#NotAllMen: Stop punishing women, educate men

I can’t get gas alone. I can’t go to the store alone. I can’t eat go eat alone. I can’t walk alone. Why? Because I’m a woman. 

Women have to learn how to stay safe around men—keep pepper spray, hold your keys between your fingers, share your location. The list is endless. Men get to just float along. 

Sarah Everard went missing on March 3 in London. She did everything women are told to do—walked on a well-lit road, called her boyfriend, wore bright colors and came home early. However, she was found dead by police a week later, according to the New York Times. 

Everard was allegedly kidnapped and killed by a police officer.  

In response, police advised women to stay home and be extra vigilant, according to a report by The Sun. 

This sparked controversy and protest around the world, which to led Baroness Jenny Jones proposing a 6 p.m. curfew for men that would “make women a lot safer.”

Some men began to use #NotAllMen to explain that not all men are bad, so they shouldn’t all be punished for one man’s action. 

Women suffer in silence daily. Yet, when men are slightly inconvenienced by a curfew, it’s a problem. 

Men have no right to be mad when 97% of women in the UK aged 18 to 24 have been victims of sexual harassment in public spaces, according to a report by the United Nations.  

If you think it’s just a problem in the UK, you’re wrong. 

Women aren’t safe anywhere—even here at ULM. 
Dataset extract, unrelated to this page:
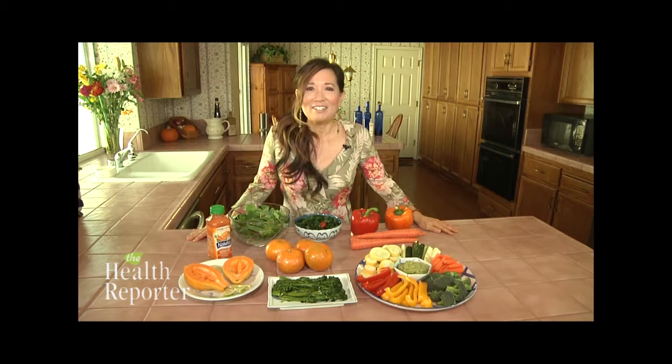A vegetable platter with a spinach or avocado dip is a great way to serve a variety of lutein and zeaxanthin-rich foods. Here we have broccoli, carrots, squashes, and bell peppers.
One example is when many female students were approached on campus and through social media by a man named Vincent Robinson. 

Robinson asked female students if he could go to their dorms to shower.

This freaked female students out because they knew he had bad intentions. 

Robinson had been arrested and banned from ULM’s campus multiple times between 2017-2020 for trespassing and failure to register as a sex offender or child predator, according to the Ouachita Parish Sheriff’s Office. 

However, many students had no idea this happened.  

Women don’t feel safe on the street, in stores, at restaurants or at school. 

Therefore, men have no right to be upset about a curfew. 

A curfew is only the tip of the iceberg. We must demand more. 

Men should be punished for their actions instead of women. 

Men need to be taught from a young age what makes women feel uncomfortable and unsafe. 

Women can only do so much. 

It’s time for men to own up to their mistakes, educate themselves and change. 

Stop punishing women for the actions of men. Educate men to be better men not women to be safer women.